▶ Exercise
The required output is the lines from the one with "INCANTI ICI W2 01" through the end of the data, repeated verbatim, with no pictures included.

Records from a data source
☆ ☆ ☆

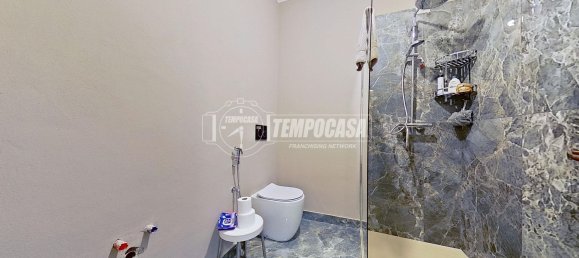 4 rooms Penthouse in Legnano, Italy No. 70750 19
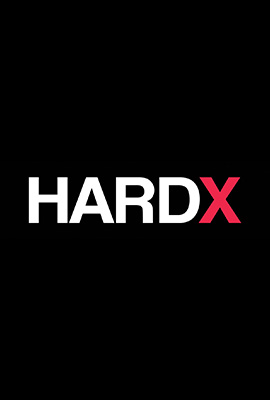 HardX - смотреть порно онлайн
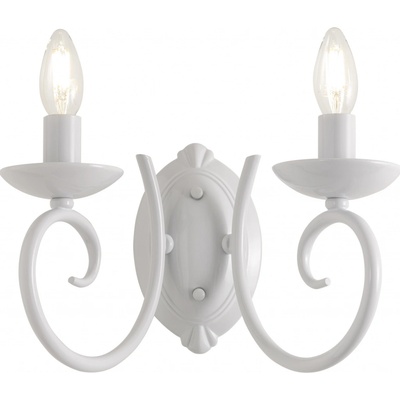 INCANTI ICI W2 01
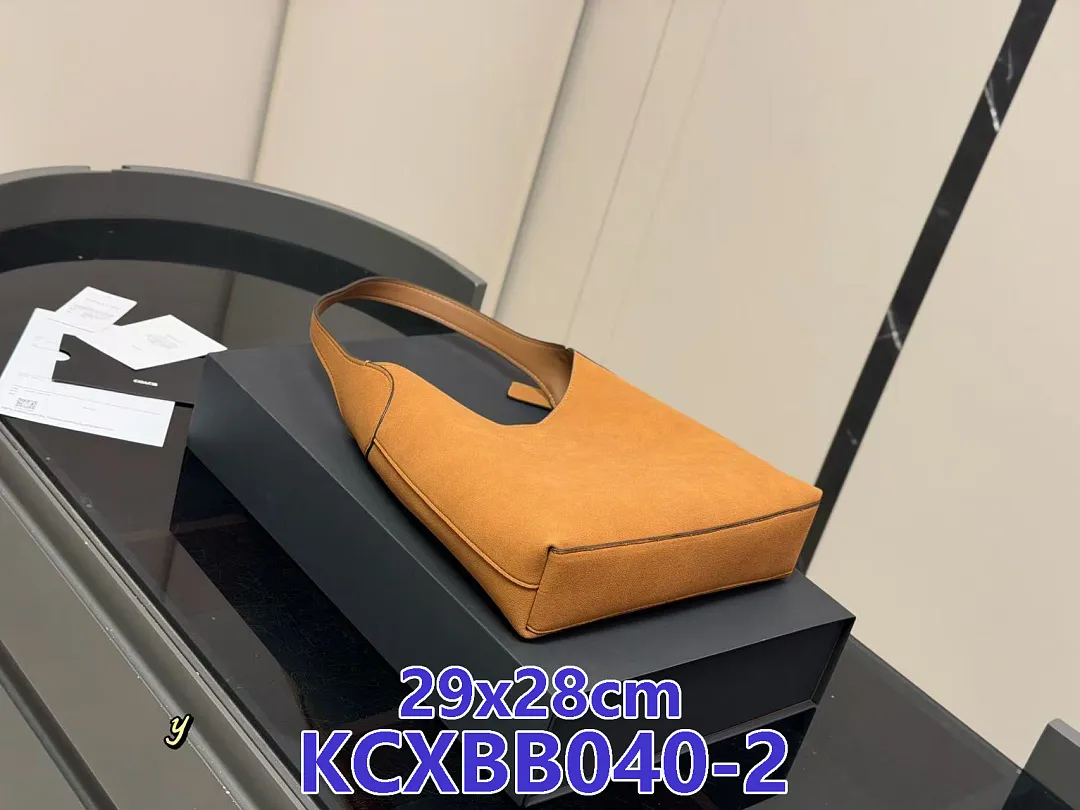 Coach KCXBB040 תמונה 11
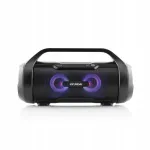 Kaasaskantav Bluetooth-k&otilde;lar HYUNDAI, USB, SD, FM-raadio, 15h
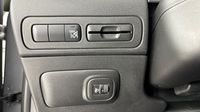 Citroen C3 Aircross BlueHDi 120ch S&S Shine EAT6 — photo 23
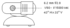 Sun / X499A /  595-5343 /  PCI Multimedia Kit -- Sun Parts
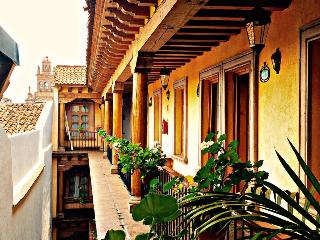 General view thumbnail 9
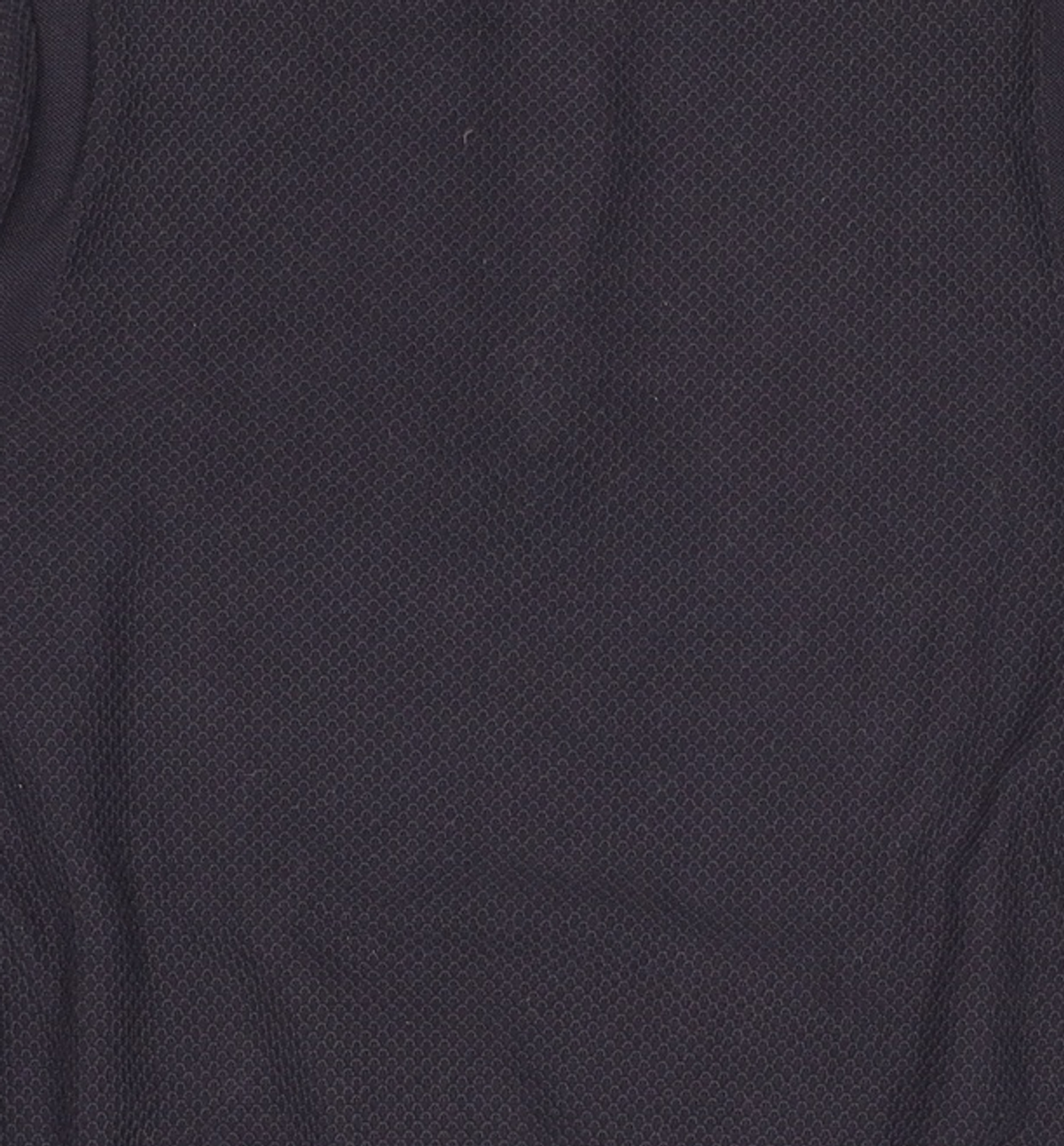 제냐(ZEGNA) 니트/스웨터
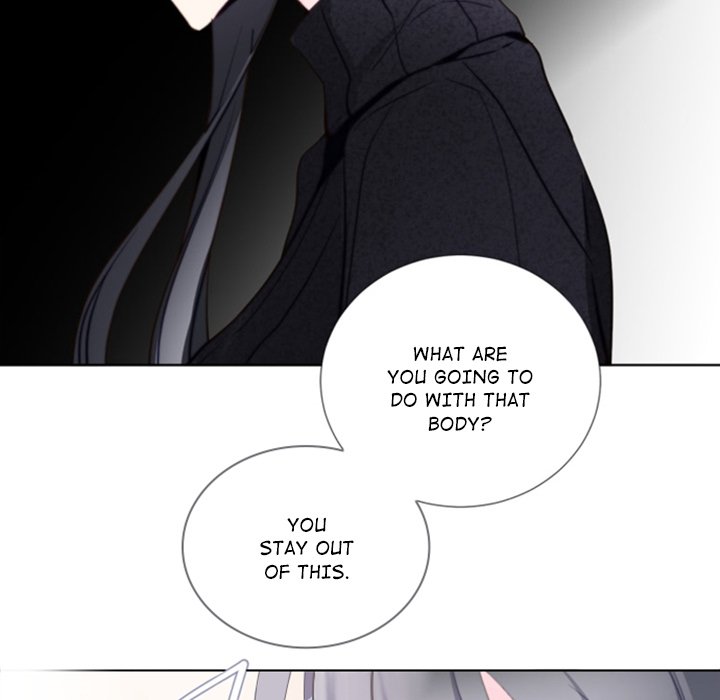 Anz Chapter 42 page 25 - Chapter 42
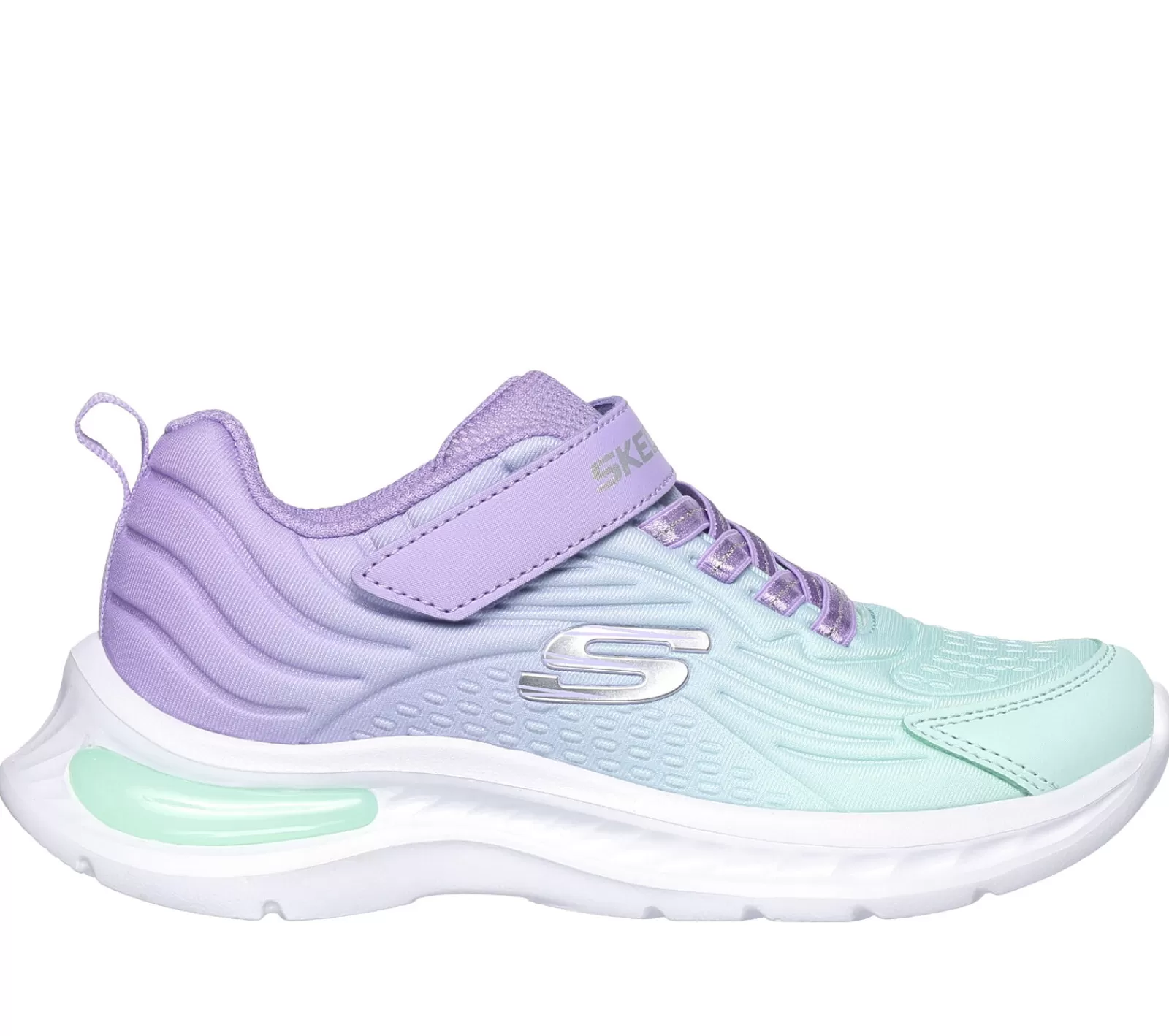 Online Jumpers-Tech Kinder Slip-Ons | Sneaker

☆ ☆ ☆

▶ Completed task
 INCANTI ICI W2 01
 Coach KCXBB040 תמונה 11
 Kaasaskantav Bluetooth-k&otilde;lar HYUNDAI, USB, SD, FM-raadio, 15h
 Citroen C3 Aircross BlueHDi 120ch S&S Shine EAT6 — photo 23
 Sun / X499A /  595-5343 /  PCI Multimedia Kit -- Sun Parts
 General view thumbnail 9
 제냐(ZEGNA) 니트/스웨터
 Anz Chapter 42 page 25 - Chapter 42
 Online Jumpers-Tech Kinder Slip-Ons | Sneaker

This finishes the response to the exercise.